第200話 式次第
夕方、渡り廊下でシャルロットに捕まった。
「ちょうどよかった。明日の式次第なんだけど、あんたの立ち位置は最前列の右端ね。礼服も使節の手配も終わってる。教皇国からも来たわ。形だけの祝意ね。断れば国際問題になるから」
シャルロットの手に分厚い書類の束があった。付箋が何枚も飛び出していて、指先にインクの跡が残っている。目の下に薄い隈があった。
「右端?」
「カイルが通路を歩いて祭壇に立って、振り返った時に最初に目に入る場所よ」
言葉が詰まった。
シャルロットの目が真っ直ぐこちらを見ている。何かを見透かすような、でも咎めるつもりのない目だった。
「わざと、そこに?」
「席配置は宰相の権限よ。文句ある?」
「ありがとう、シャロ。全部」
「当然よ。宰相の仕事じゃない。
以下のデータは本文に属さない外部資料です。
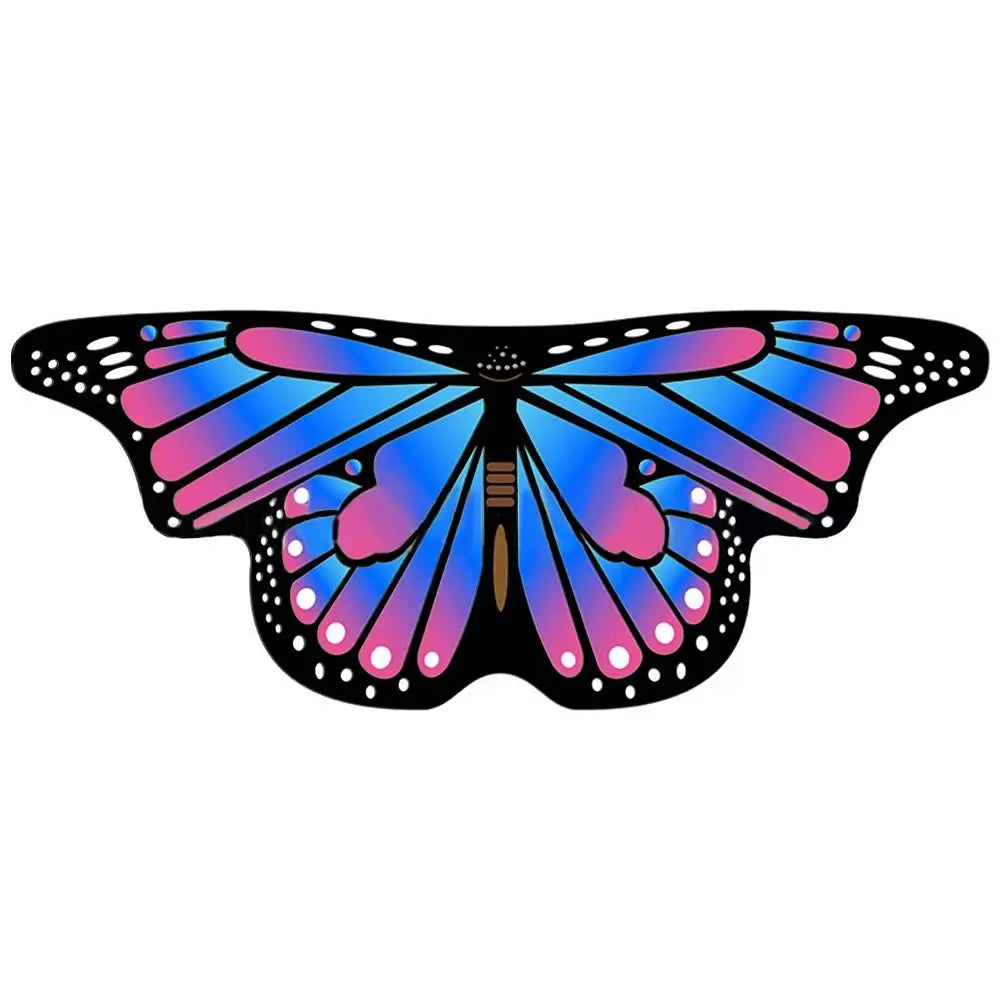 Colorful butterfly elf stage costume for kids with vibrant blue and pink wings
姉の仕事よ」
それだけ言って、また歩き出した。渡り廊下の角を曲がる直前に、肩越しに振り返った。
「あと、綺麗な格好しなさいよ。カイルの晴れの舞台よ。あんた普段地味だから。いつもの外套で来たら承知しないわよ」
シャルロットの背中が角の向こうに消えた。
書類の束から付箋が一枚はがれて、廊下の床に落ちた。
拾い上げると、シャルロットの筆跡で「冠の磨き直し・完了」と書かれていた。
走って追いかけて、付箋を返した。シャルロットが受け取って、何も言わずに書類の間に挟み直した。